In his first full season in 2017, Marquez went 11-7 with a 4.39 ERA in 162 innings (29 starts), notching a 1.38 WHIP and 147 strikeouts (8.17 K/9). He finished fifth in the National League Rookie of the Year voting.
In 2018, he was even better in going 14-11 (his 14 wins were 9th-most in the NL) with a 3.77 ERA in 33 starts 230 strikeouts (4th) in 196 innings pitched (9th). He received the Silver Slugger Award as the best-hitting pitcher in the National League, becoming the first Rockies pitcher to win the award since Mike Hampton in 2002.
Last April, Marquez agreed to a five-year, $43 million extension. The deal covered the 2019-to-2023 seasons, but also includes a club option that could turn into a mutual option for the 2024 season. The deal also includes escalators for top-five Cy Young finishes. The latest Márquez will reach free agency is following his age-29 season. The extension was the second-largest guarantee for a pitcher with two years of service.
Last year, Marquez finished 12-5 with a 4.76 ERA in 28 starts. He was placed on the 10-day injured list on Aug. 26 with right arm inflammation and missed the remainder of the season. At the time of that injury, Marquez led the National League with 174.0 innings pitched, was tied for fifth with 12 wins and ranked ninth with 175 strikeouts.
He was epically bad on July 15 vs. the Giants in allowing a career-high 11 runs on 11 hits over 2.2 innings. However, in his final seven starts of the season after July 15, he went 4-0 with a 3.68 ERA (44.0 IP, 18 ER), seven walks and 47 strikeouts.

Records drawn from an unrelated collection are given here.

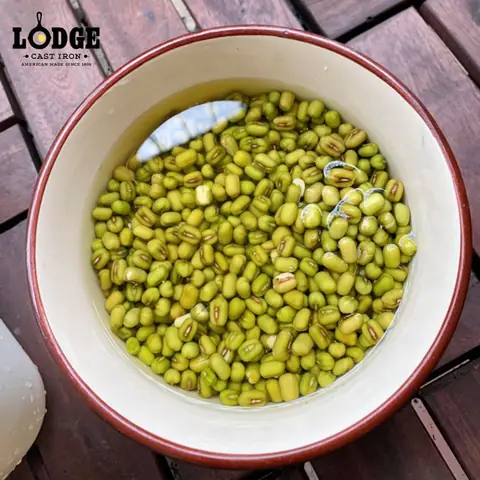 Cách Nấu Chè Đơn Giản Nhất Ai Cũng Thành Công Ngay Tại Nhà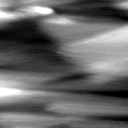 03061302AF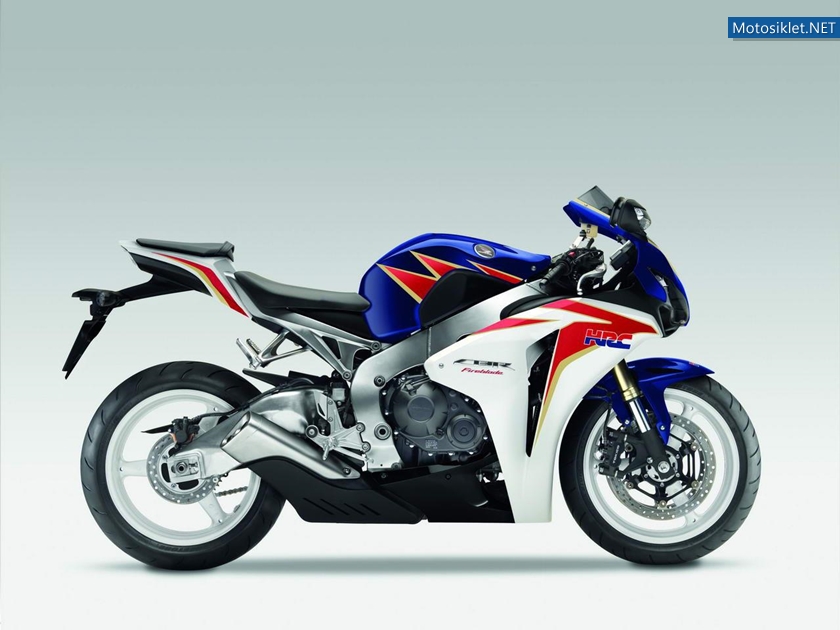 Honda-CBR-Fireblade-Tarihi-027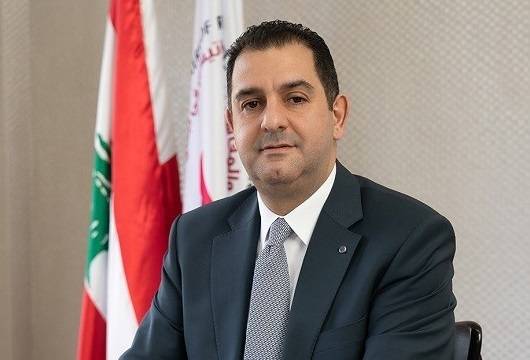 الرامي: قطاعنا لا يعرف الفشل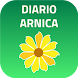 Diario Arnica - Androidアプリ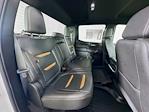 2021 GMC Sierra 1500 Crew Cab 4WD Pickup for sale #C502071 - photo 23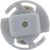 Standard Miniature PC74 - Qty 1 Bulb | PHIPC74CP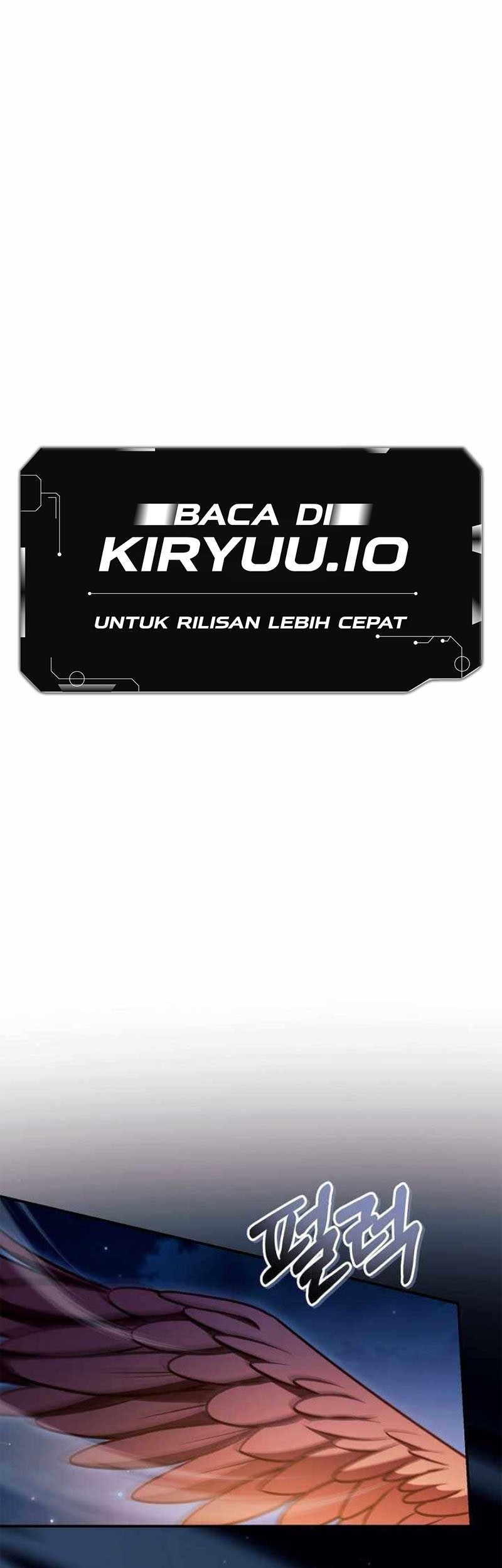 Chapter 154 - halaman 3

Marquez pitched at least eight innings four times, the most eight-inning outings since Jhoulys Chacín had four starts of at least eight innings in 2013. Three of Colorado’s four losing streaks of five or more games were snapped with Marquez earning the win in a quality start (April 14 at San Francisco, July 21 at New York-AL and Aug. 11 at San Diego). In those three games, he combined to allow five runs over 24.0 innings of work (1.88 ERA) with four walks and 19 strikeouts.

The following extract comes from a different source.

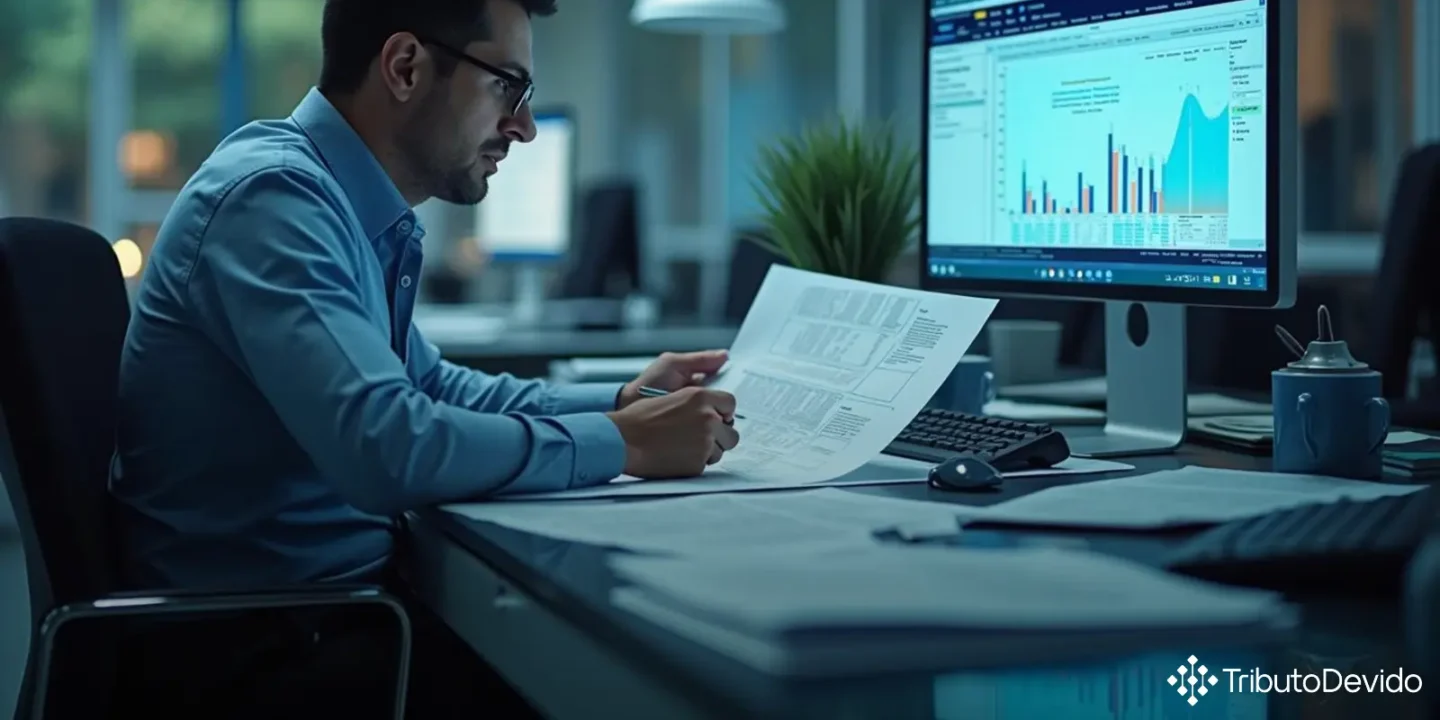 Impossibilidade créditos PIS COFINS frete aquisição revenda produtos incidência concentrada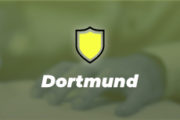 Dortmund attire un espoir Allemand (Officiel)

The right-hander had his first career complete-game shutout April 14 at San Francisco, allowing one hit with one hit batter and nine strikeouts. He took a no-hitter into the eighth inning before allowing a one-out single to Evan Longoria. It was the first one-hit complete game shutout in franchise history.
On July 21 at Yankee Stadium, he became the first NL pitcher to work seven or more innings and allow two runs or fewer at Yankee Stadium since Madison Bumgarner in 2016. Marquez was only the third NL pitcher to work seven or more frames and allow three or fewer hits since the ballpark opened in 2009.
Marquez pitched to a 3.67 ERA and a 0.94 WHIP on the road, but a 6.26 ERA and 1.55 WHIP at home. Can he overcome the thin air this year?
Few pitchers hit better than this guy as he batted.234 (11-for-47) with four doubles, one triple and 11 RBI. He led all pitchers with 11 RBI, tied for the lead with four doubles and ranked tied for sixth with 11 hits. His 11 RBI were tied for the second most by a pitcher in a single season in franchise history, the most since Jason Jennings had 11 in 2002.
Finally, Marquez had a five-game hitting streak from May 5-31, the first Rockies pitcher with a five-game streak since Mike Hampton in 2001. He batted.500 (6-for-12) with nine RBI in May, the most by a pitcher in any month since the St. Louis Cardinals’ Rick Wise had nine RBI in August 1973.